Work instruction: Every record that follows should be copied exactly. No picture belongs in the copy.

(Web page caption snippets)
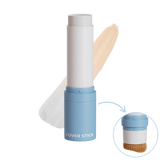 Lente bundel: Cover - SPF50 - Pink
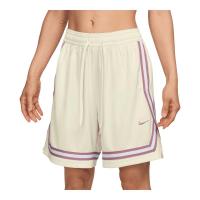 女款运动短裤宽松透气可调腰带舒适排汗健身休闲裤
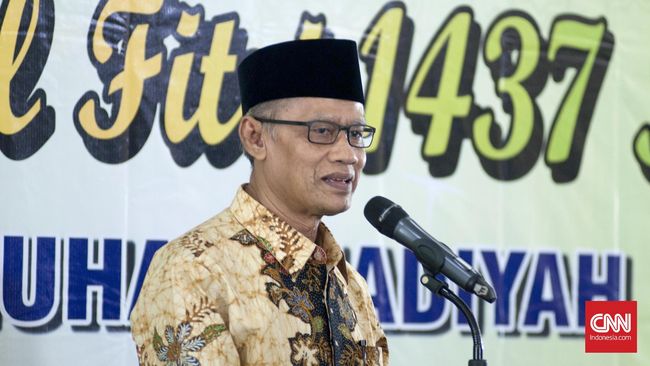Muhammadiyah Sindir Pelanggar Prokes Berdalih Agamai
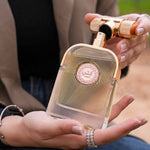 Abyat perfume_Anti_imperial aroma_women_perfume nozzle cap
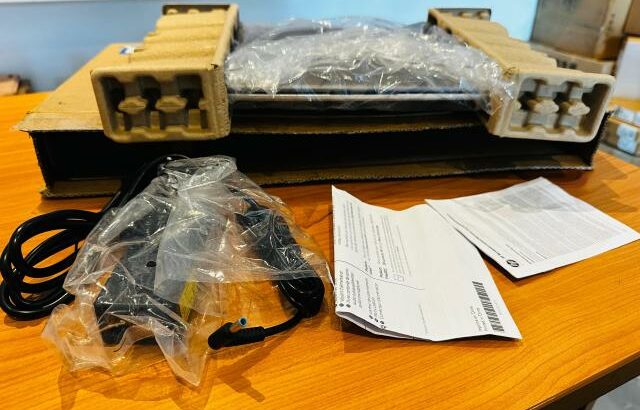 Laptop HP G10, Top de Gama i7-13th Gen Selado. Recibo e Garantia 1ano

Written response:
 Lente bundel: Cover - SPF50 - Pink
 女款运动短裤宽松透气可调腰带舒适排汗健身休闲裤
Muhammadiyah Sindir Pelanggar Prokes Berdalih Agamai
 Abyat perfume_Anti_imperial aroma_women_perfume nozzle cap
 Laptop HP G10, Top de Gama i7-13th Gen Selado. Recibo e Garantia 1ano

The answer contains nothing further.